If the enricher is OK, the starter cranks the engine, there's gas, the carb is clean and there's a spark then there may be an engine problem. You need to check the cylinder compression. You need a compression tester to do this. It screws in instead of the spark plug and measures cylinder pressure. When you crank the engine you should see a reading of around 140 psi or more. If it's 100 psi or less there's likely an engine problem (bad valve, bad piston, failed piston rings) which will need the engine taken apart to find.

Probably the most common problems leading to starting problems are a weak or dead battery or carburetor problems due to bad adjustment or build up of gummy deposits. Carburetor problems usually come on slowly though. If the bike is fine one day and refuses to start the next day, I'd first suspect an electrical problem (unless you just filled it with bad gas).

"Bad Gas" is usually wet gas, i.e. gas with water in it. You can also get water in the tank if you leave the bike out in the rain and the gas cap seal is bad. If either of these things happen the water sinks to the bottom of the tank, then when you switch to reserve you suck that water into the carbs and the bike stops running. You can tell if this is your problem by draining the carb float bowls. Each one has a drain port and a screw.
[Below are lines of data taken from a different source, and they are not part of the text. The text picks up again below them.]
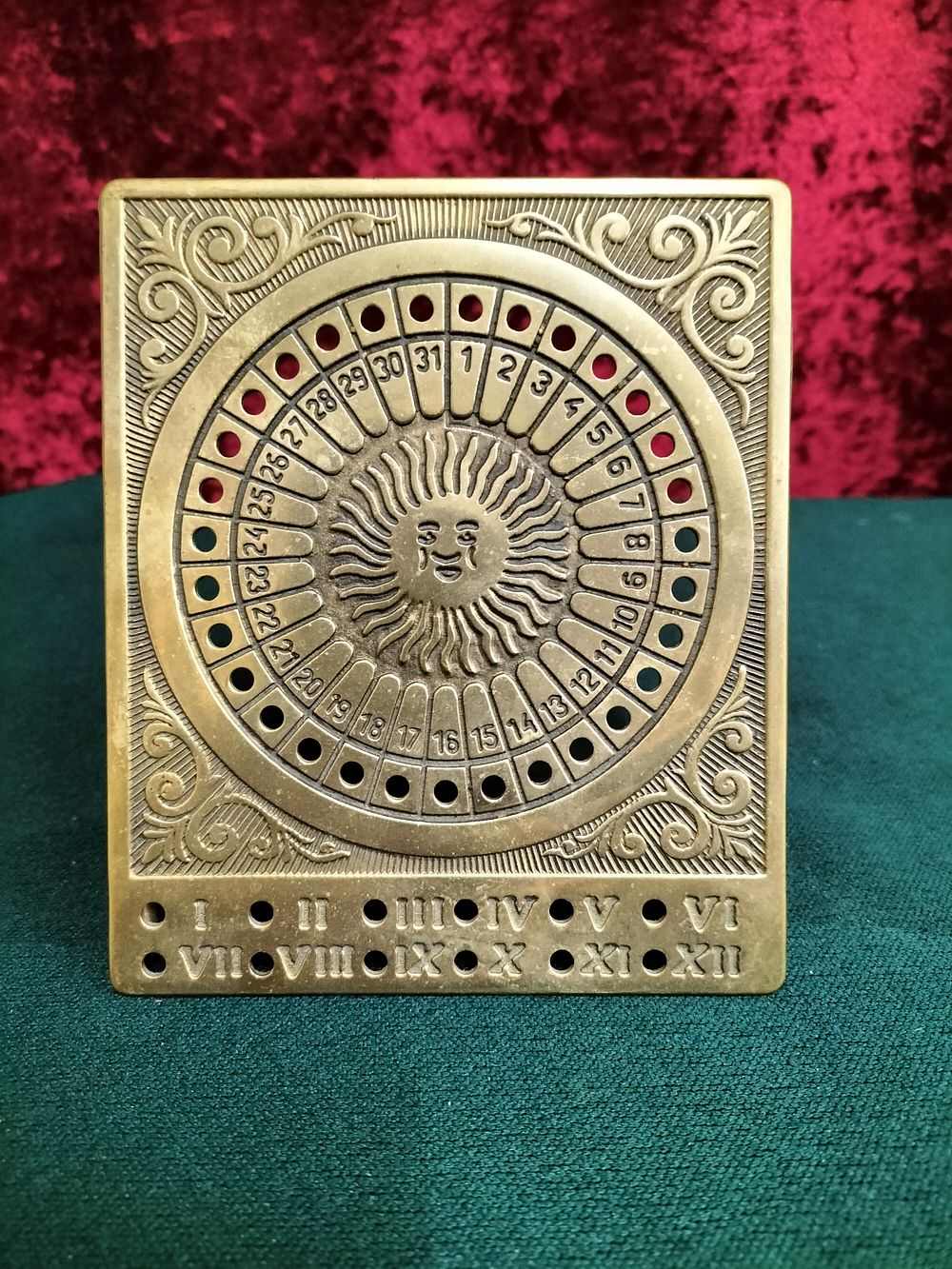 Lot 164 – Vintage Brass Perpetual Sun Motif Desk Calendar in the Italian Style
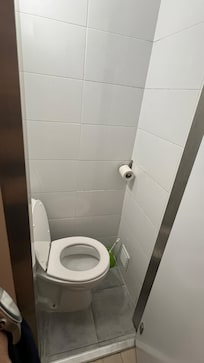 Very small space for toilet bowl. Cramped toilet.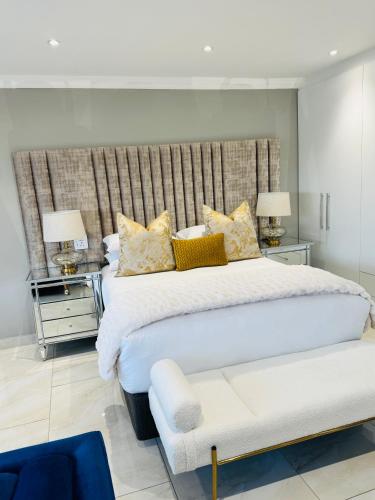 a bedroom with a large bed and two night stands at Luu Luxury Suite in East London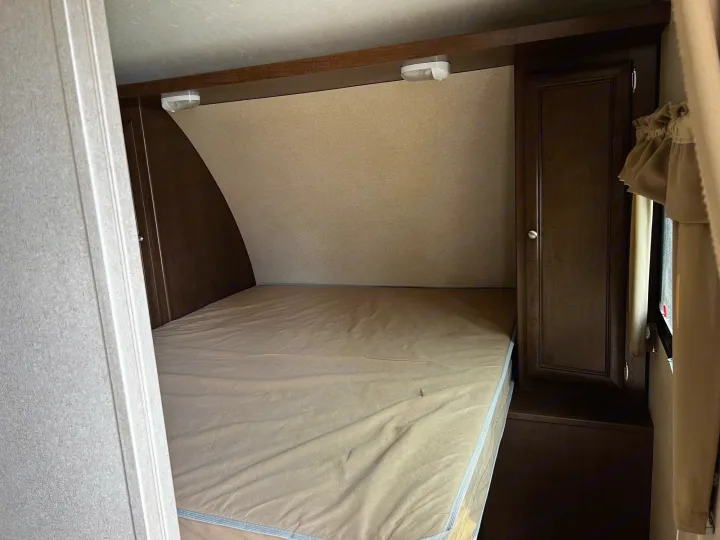 RV rental camper bedroom: Features a bed with light sheets, dark wood cabinets, and two overhead reading lights.. Shasta Oasis 2016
Open the screw and gas (or whatever is in the float bowls) will come out of the drain port. If you catch whatever comes out in a glass jar, you will see if there is any water there because it will form a clear layer in the bottom of the jar. You can then clean out your gas tank! If nothing comes out of the float bowls (or just a few drips), it means you have some sort of fuel supply problem (blocked hose, bad petcock etc). Note: if the carb bowls have been drained, it will often take up to 30 seconds of cranking to allow them to fill back up to the point at which the bike will start.

Sometimes changing the plugs can help, even if they seem to be sparking OK. I don't know why this works, but sometimes it just does. So new plugs would come before tearing apart the engine! You may also get a reluctant bike to start better if you jump start it from a car. The car battery has a larger capacity and may be able to spin the starter faster and for longer (though you shouldn't hold the starter button in for more than about 5 seconds on each attempt to avoid overheating it). When jump starting from a car, don't leave the car engine running. The car's electrical system can supply a lot more current then the bike's battery is capable of safely taking.